What is the Office of Cancer Survivorship doing to address these questions?

The big gap area we had when the office was created was studies of long-term survivors, so our first major initiative was to request the investigator community to conduct studies among survivors who were five years or more post-diagnosis. Even though more than 60 percent of our survivor population is five years or more out from diagnosis, and 14 percent of them were diagnosed 20 or more years ago, we don’t have a lot of data on what their lives are like as a consequence of having cancer. An important new finding of this emerging area of research is that while survivors are living longer, which is obviously good news, the bad news is that with longer survival has come a higher risk for late complications, like a new, second cancer. While some of these will be related to the earlier cancer, many will simply be due to getting older. As a result, researchers are beginning to look at models for care … to best optimize outcomes for survivors.

What’s the most exciting thing about where cancer survivorship is heading?
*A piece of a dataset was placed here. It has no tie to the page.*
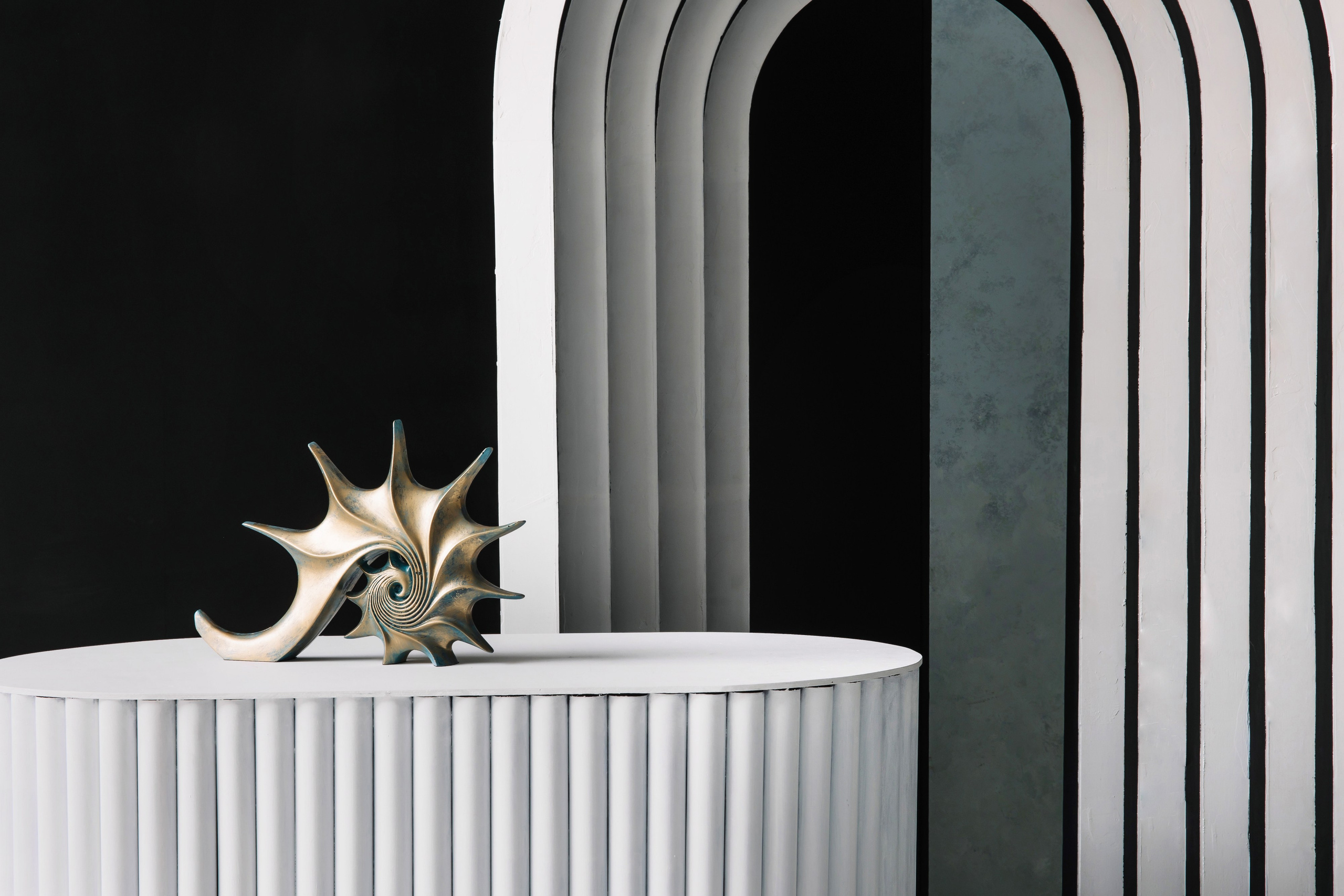 Океан. Детский семейный фотограф Краснодар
It’s the visibility and recognition of cancer survivorship issues at a national level that is particularly exciting. In some ways, if we’re going to take a really big-picture view, some of the things that cancer survivors have been wonderful at championing are not unique to cancer. It’s about how we all need to be regarding our health and well-being. We need to partner with our health care providers, we need to be proactive in our care and attentive to our health behaviors, we need to have access to high-quality care. And cancer survivors are really teaching us how to do this. They are the leaders out here championing what needs to happen to improve not only their own health, but potentially that of the rest of us along the way.

Expanding on that, what role do you think survivors play in pushing the survivorship movement forward?

We wouldn’t be where we are today without survivors’ articulate and vocal advocacy. They’re coming to the table saying, “You need to pay attention to us.” It’s not enough to focus on cure. Cure is not enough because there are no benign treatments; treatment comes at a human cost. We have to understand that and what the trade-offs are. Nobody listens better to an appeal for action than when it comes from someone who has been there. Having gone and testified in front of Congress I know ... that, no matter how convincing the science, there’s nothing more compelling than when you hear a personal testimony — this is what it’s like, this is why you have to change things.

Do high-profile cancer survivors like Lance Armstrong make your job easier?

There is no question that being able to give a ‘face’ to survivorship has been incredibly powerful. And Lance has certainly done that and been an inspiration to millions—and globally. As he would probably agree, timing and teamwork are critical. He was able to build on the momentum that had been slowly growing since the coalition [NCCS] was formed, supported by an emerging body of research among cancer survivors, to literally propel (or perhaps I should say fast-pedal) survivorship issues to the level of national awareness. Survivors have the spotlight right now. It’s something we want to be able to use to our advantage but not take for granted.